Leeds nostalgia: Reworking our industrial legacy
Part of the Leeds heritage trail focuses on the mills which once dominated the city and the people who worked in them.
Looking at some of the old mills today they are monuments to a bygone era, standing like gargantuan marooned ships, their many windows staring forlorly out at the world beyond. Although many have found - and continue to find - another use, others yet stand silent, awaiting their turn.
One such is Hunslet Mill. Now derelict, building on the banks of the River Aire on the way to Thwaite Mills is the former flax reeling works of John Wilkinson.
Completed in the 1840s, Hunslet Mill was built in red brick and with its seven storeyswas the largest flax mill in Leeds, employing over 1,500 female flax reelers.
Later it was used for the manufacture of linen and then blanket weaving. Next to Hunslet Mill stands Victoria Works which produced linseed oil from flax seeds.
Armley Mills stands on the banks o the River Aire. With the river taking a sweeping curve around a narrow plateau and its rocky bed providing a natural fall, Armley Mills occupies one of the best sites in West Yorkshire for harnessing the power of water.

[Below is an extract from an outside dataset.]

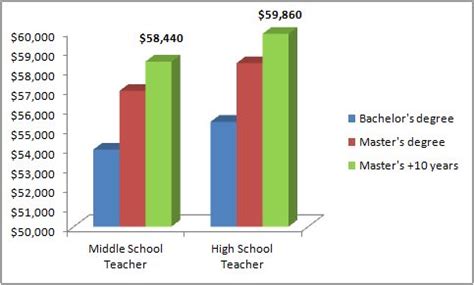 Average PNGISD Teacher Salary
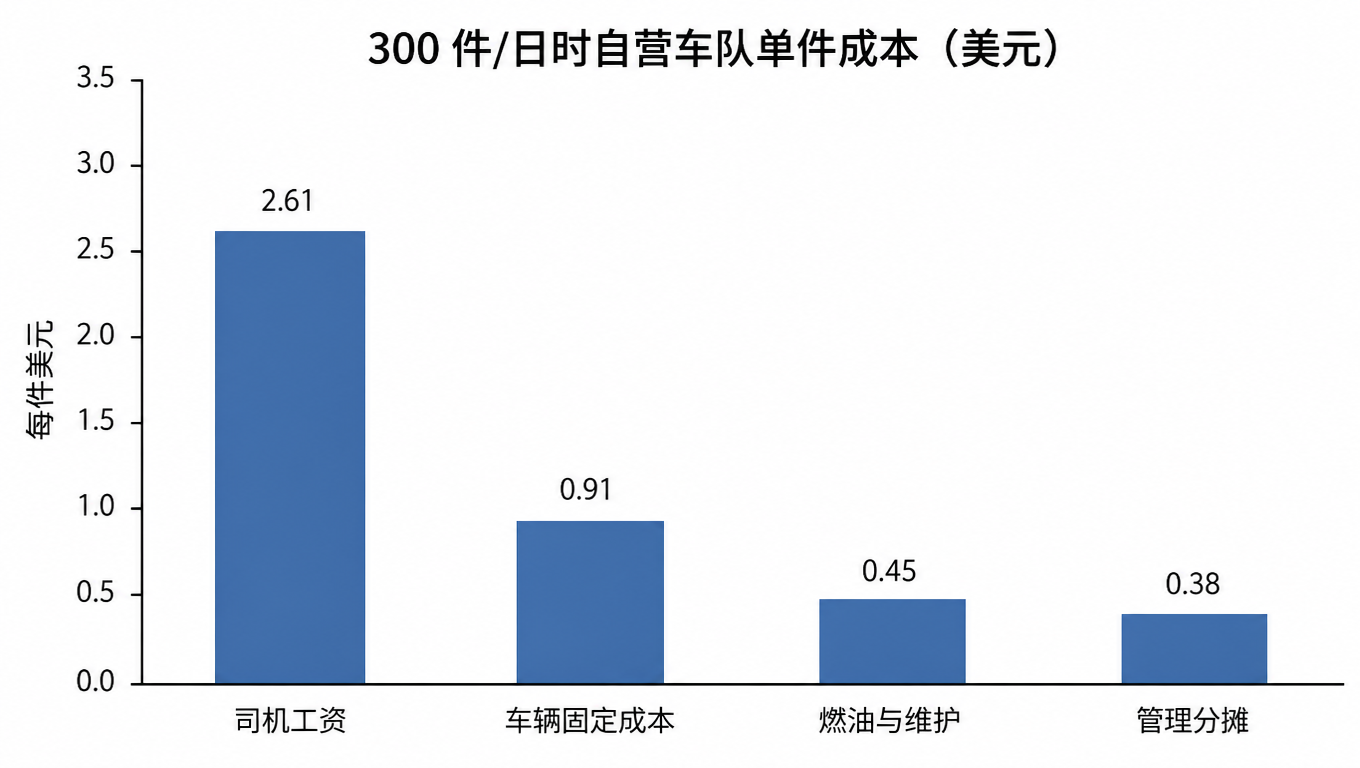 柱状图:300 件/日时自营车队单件成本构成,司机工资 2.61、车辆固定成本 0.91、燃油与维护 0.45、管理分摊 0.38,合计约 4.35 美元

There has been a mill here since at least 1559.
In 1788 Colonel Thomas Lloyd’s mill on the site was destroyed by the first of a series of fires. It was following one such fire in 1805 that the ‘fireproof’ woollen mill we see today was built by Benjamin Gott. Despite taking direct hits from air-raids in 1942, the mill, under the ownership of Bentley & Tempest Ltd, continued production until 1969.
Today it houses the Leeds Industrial Museum, home to internationally significant collections telling the story of industrial Leeds.